Repeat nothing but the lines below running from the one containing "Ein Mädchen im" to the one containing "Living room with". Keep both end lines.

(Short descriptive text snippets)
|---|
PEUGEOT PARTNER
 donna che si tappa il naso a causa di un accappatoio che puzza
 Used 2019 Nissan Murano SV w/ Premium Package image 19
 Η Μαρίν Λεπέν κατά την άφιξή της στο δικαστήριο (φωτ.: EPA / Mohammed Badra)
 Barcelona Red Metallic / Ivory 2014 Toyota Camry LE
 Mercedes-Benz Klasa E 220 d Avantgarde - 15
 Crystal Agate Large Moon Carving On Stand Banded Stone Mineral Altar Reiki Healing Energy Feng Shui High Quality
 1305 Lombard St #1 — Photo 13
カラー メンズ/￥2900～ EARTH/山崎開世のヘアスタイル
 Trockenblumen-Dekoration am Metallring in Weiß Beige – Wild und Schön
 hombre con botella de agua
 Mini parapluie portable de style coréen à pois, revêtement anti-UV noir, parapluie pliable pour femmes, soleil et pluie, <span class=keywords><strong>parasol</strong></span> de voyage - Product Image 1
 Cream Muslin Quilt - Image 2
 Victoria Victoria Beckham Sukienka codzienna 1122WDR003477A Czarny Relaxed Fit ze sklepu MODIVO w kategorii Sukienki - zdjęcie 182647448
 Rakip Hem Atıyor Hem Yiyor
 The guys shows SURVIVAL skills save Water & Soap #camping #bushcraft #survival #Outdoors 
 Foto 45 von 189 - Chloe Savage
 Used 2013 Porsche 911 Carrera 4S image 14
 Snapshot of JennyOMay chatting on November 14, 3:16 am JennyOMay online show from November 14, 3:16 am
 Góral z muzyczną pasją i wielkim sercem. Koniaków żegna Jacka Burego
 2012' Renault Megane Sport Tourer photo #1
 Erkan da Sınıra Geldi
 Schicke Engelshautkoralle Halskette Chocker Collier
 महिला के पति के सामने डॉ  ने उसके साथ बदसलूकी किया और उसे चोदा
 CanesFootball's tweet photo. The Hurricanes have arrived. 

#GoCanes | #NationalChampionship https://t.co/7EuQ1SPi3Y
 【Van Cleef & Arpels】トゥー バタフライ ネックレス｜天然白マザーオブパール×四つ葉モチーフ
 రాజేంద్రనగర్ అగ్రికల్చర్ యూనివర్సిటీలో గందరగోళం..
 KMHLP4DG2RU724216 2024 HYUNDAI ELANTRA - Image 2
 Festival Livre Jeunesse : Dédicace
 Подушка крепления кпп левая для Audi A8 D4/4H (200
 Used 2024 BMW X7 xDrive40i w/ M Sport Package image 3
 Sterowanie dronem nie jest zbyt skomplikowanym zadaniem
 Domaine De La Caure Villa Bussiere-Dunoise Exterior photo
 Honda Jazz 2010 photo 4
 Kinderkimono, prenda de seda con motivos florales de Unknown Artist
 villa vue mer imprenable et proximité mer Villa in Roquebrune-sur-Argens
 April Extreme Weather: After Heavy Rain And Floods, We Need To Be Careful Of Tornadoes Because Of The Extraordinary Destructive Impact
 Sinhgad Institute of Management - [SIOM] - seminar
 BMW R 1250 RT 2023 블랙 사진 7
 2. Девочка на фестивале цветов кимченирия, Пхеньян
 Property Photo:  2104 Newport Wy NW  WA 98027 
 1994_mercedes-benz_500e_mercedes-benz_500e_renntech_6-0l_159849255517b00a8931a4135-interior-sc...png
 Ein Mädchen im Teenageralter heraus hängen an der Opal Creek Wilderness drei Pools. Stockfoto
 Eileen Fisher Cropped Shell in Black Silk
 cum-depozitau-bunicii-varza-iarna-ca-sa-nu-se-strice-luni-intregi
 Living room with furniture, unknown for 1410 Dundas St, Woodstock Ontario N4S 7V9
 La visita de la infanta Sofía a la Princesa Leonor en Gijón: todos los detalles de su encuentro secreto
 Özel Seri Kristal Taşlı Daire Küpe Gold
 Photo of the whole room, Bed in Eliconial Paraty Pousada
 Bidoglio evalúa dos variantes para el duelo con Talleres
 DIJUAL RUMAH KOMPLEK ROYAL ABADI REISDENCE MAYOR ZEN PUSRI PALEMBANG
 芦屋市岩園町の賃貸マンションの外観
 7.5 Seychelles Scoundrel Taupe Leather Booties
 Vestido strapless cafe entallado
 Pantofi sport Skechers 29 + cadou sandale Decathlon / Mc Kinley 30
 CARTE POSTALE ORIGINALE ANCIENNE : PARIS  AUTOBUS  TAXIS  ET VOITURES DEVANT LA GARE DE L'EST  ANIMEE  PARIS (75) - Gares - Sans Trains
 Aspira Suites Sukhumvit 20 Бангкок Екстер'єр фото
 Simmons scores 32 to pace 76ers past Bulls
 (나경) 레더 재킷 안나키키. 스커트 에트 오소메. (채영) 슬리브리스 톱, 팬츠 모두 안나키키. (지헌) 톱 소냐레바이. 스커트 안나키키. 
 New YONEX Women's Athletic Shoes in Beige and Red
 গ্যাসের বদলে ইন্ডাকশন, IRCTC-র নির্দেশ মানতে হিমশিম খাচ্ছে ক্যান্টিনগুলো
|---|
| SOLUTION TO THIS EXERCISE |
 Ein Mädchen im Teenageralter heraus hängen an der Opal Creek Wilderness drei Pools. Stockfoto
 Eileen Fisher Cropped Shell in Black Silk
 cum-depozitau-bunicii-varza-iarna-ca-sa-nu-se-strice-luni-intregi
 Living room with furniture, unknown for 1410 Dundas St, Woodstock Ontario N4S 7V9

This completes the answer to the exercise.